Hospital

Paul Johnson, IFS director, said in response to today’s announcements:

“Today’s announcements constituted a Budget in all but name. £14 billion of tax raised through a supposedly new tax, equivalent increases in spending on health and social care, and an announcement of spending totals for the next three years certainly constitute a major fiscal event. After a quarter century of dithering we may finally have settled on a solution for improving the structure of social care funding, as well as an increase in the amount spent publicly on it. We have a funding package for the NHS which should be enough to prevent post pandemic waiting lists from spiralling.

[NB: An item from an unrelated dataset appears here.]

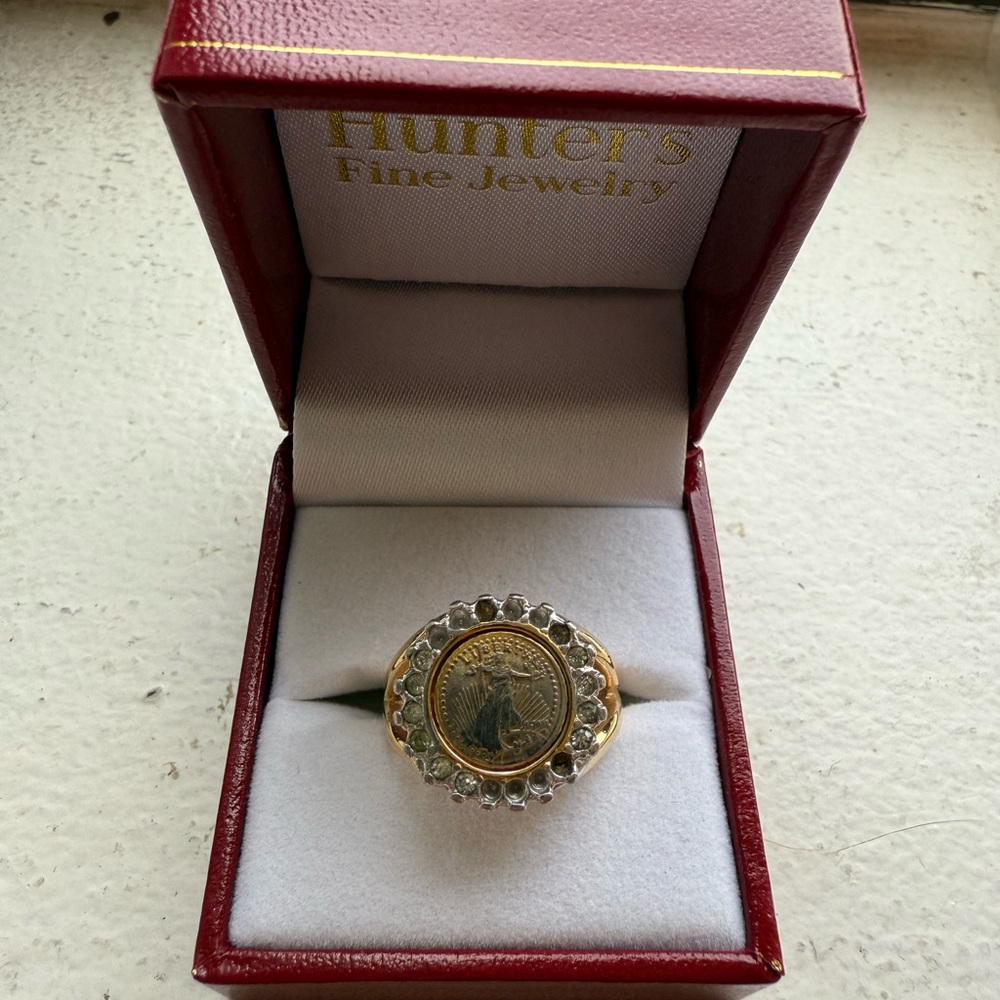Vintage Gold and Silver Coin Ring- Likely a 6/7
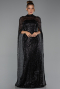 Robe de Soirée Longue Squameuse Noir ABU6343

For “unprotected” departments, the announced spending totals might be enough to avoid cuts, though this is far from certain and depends on the extent of future virus-related spending. 

A levy of 1.25% on employee earnings and on employer wage costs (so a 2.5% overall increase in the tax rate on earnings), will raise £14 billion a year. The extension of this levy to those over state pension age and to dividends is welcome, but this remains a tax which will be overwhelmingly borne by workers with very little coming from pensioners. This continues a trend seen over many decades of the burden of tax being shifted towards earnings. The creation of an entirely new tax will mean yet more quite unnecessary complexity. 

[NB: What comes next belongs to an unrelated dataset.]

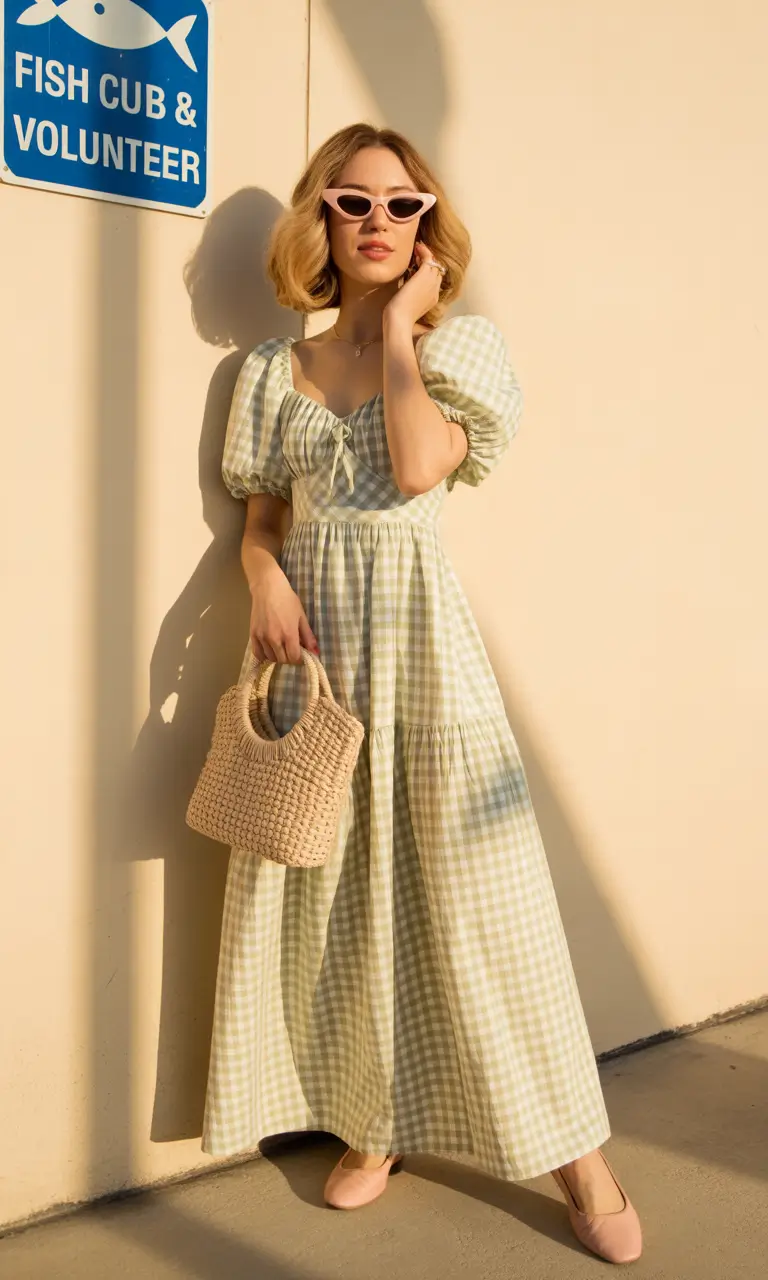 must-have spring dress outfits 2026 Gingham Softness With a Vintage Undercurrent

Both spending and tax will ratchet upwards over the next few years. Taxes will reach their highest sustained level in the UK. This was always going to be an inevitable consequence of ever growing demands on health and social care, and would have happened eventually  irrespective of the pandemic.

It is disappointing that the government did not find a better package of tax measures to fund these spending increases. A simple increase in income tax would have been preferable. But  overall much needed reforms to social care are being introduced and unavoidable pressures on the NHS are being funded through a broad based and broadly progressive tax increase. That is better than doing nothing.”

NHS funding

Today’s announcements include an additional £11.2 billion for the Department of Health and Social Care in 2022−23, and £9.0 billion in 2023−24. Of that, around £1.8 billion each year is earmarked for social care (discussed below).

That leaves around £9.4 billion of additional funding in 2022−23, and £7.2 billion in 2023−24, to deal with health-related Covid pressures.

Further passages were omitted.